- Born: April 23, 1910 Germany
- Died: May 12, 1996 Germany
- Occupation: Jazz pianist
- Known for: Holocaust survivor; Theresienstadt ghetto musician

= Martin Roman =

German jazz pianist

Martin Roman (23 April 1910 – 12 May 1996) was a German Jewish jazz pianist and Holocaust survivor.

At the time of the Reichstag fire in February 1933, Martin was stopped by SS men at the entrance to the huge Vaterland emporium in Berlin, where his band, the Marek Weber Band, was employed. He left for the Netherlands. In January 1944 Roman was transported to Theresienstadt concentration camp.

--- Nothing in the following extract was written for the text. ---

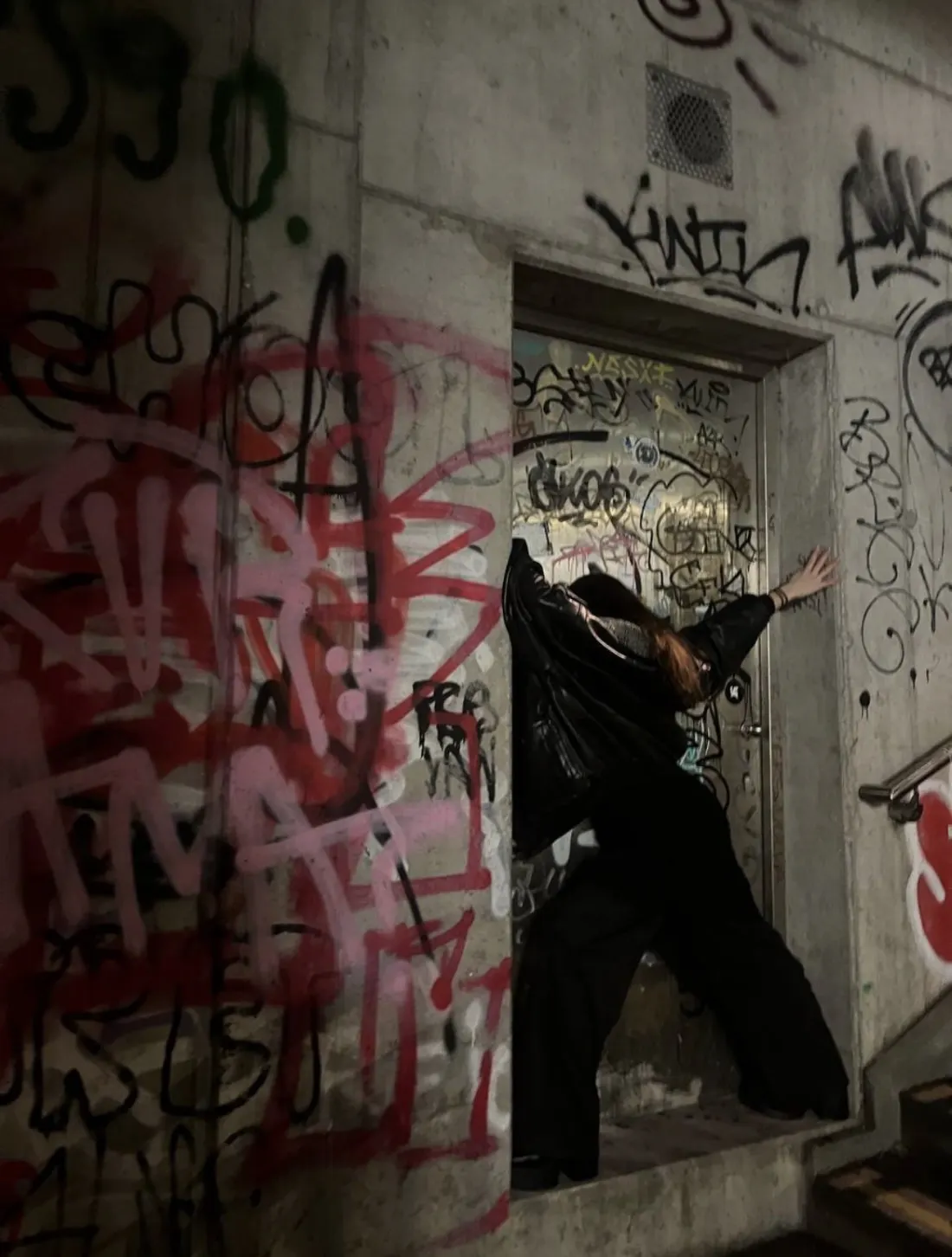 Diana in a graffiti-covered concrete doorway, arms stretched to the walls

In the summer of 1944, he was forced to participate in a propaganda film in Theresienstadt which the commandant Karl Rahm had coerced the actor Kurt Gerron to direct. Roman appeared leading his Ghetto Swingers. When the filming was over Roman and Gerron were sent to Auschwitz, where Gerron perished.

Like jazz drummer and guitarist Coco Schumann, Roman survived. Gerron and clarinetist Fritz Weiss of the Jazz-Quintet-Weiss did not.

Roman's "Wir reiten auf hölzernen Pferden" was recorded on the album Terezín - Theresienstadt, by Anne Sofie von Otter.